Create a Schedule for prediction:


In the following example, on Good Friday and Easter Monday, the adaptive alarm limits calculated from the last Sunday loads will be applied:


Now link this schedule to jobs with adaptive alarm limits by browsing and selecting the schedule using the Prediction schedule dropdown:


One may also configure one time changes to the alarm limits, by selecting One time instead of Yearly (holiday) from the Repetition type dropdown list:

These schedule parameters can also be combined with ordinary active schedules inside the same schedule object. The following figure shows an example of an active schedule which defines business hours for alarming and also specifies that Good Friday and Easter Monday are to be trated as Sundays for adaptive alarm limit calculations:

Fixing job values with wrong or missing measurements

Sometimes a job's values have been tainted by misconfiguration on the job's parameters (e.g. a wrong value was selected leading to extremely high or low values) or due to the job not having been active and measuring when it should have. In the following example a job was not doing any correct measurements anymore since somewhere around October 6th. The incorrect values negatively impact the statistics calculation: 

In such a case, data can be invalidated. In the example above, the time range between October 6th and October 14th will be invalidatedd and not considered for adaptive alarm limit calculation anymore.

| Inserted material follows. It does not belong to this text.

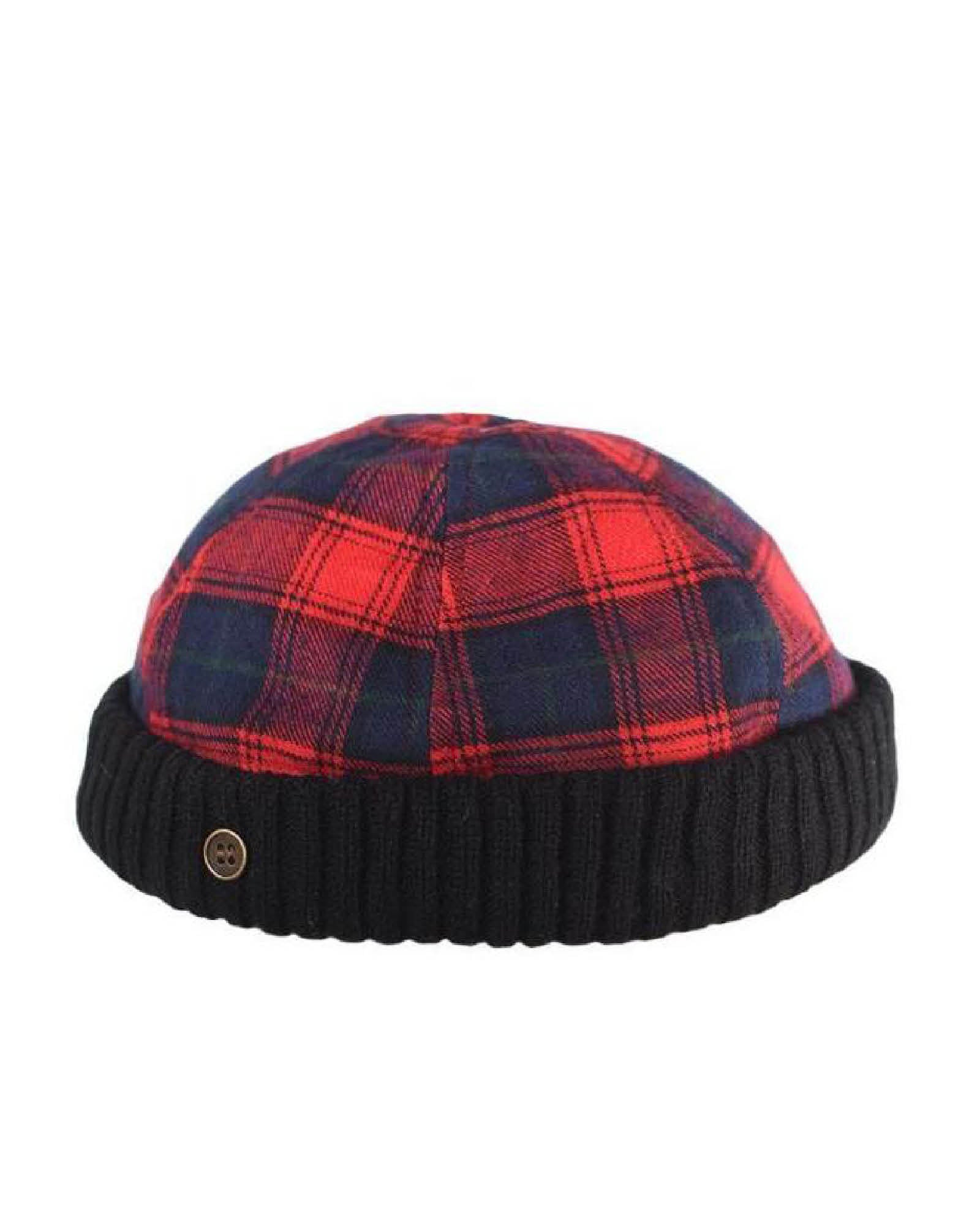 The New Yorker Cap – Red Tartan by FallenBROKENstreet. Classic 8-panel newsboy cap with quilted lining and soft sheepskin inner band. Timeless unisex design.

The reqired time range may be specified in the time selector below the graph: 

 

Two buttons will be visible below the selector, one to invalidate and one to validate data in the selected time range:

 

After Invalidate or Validate was clicked and confirmed, the time selector shows the respective time ranges with red marks: 

 

Also, the Recalculate prediction data button becomes visible. This button must be clicked to calculate the prediction data with the changed values:

Targets

A special type of alarm limit available in the SKOOR Engine is called Target. The purpose of it is to display a target line in a value history of a dashboard. To set a target value, click the Targets tab in the alarm limits edit window:

Click the + button and choose one of the available values from the dropdown. After that, the desired value can be set in the respective field, 5000 in the example above. The following value history widget shows the configured target as dotted line, starting from the time it was configured. Targets, like alarm limits, are time-dependent. This way, value histories can always be displayed with their alarm limits and targets they had in a certain point of time.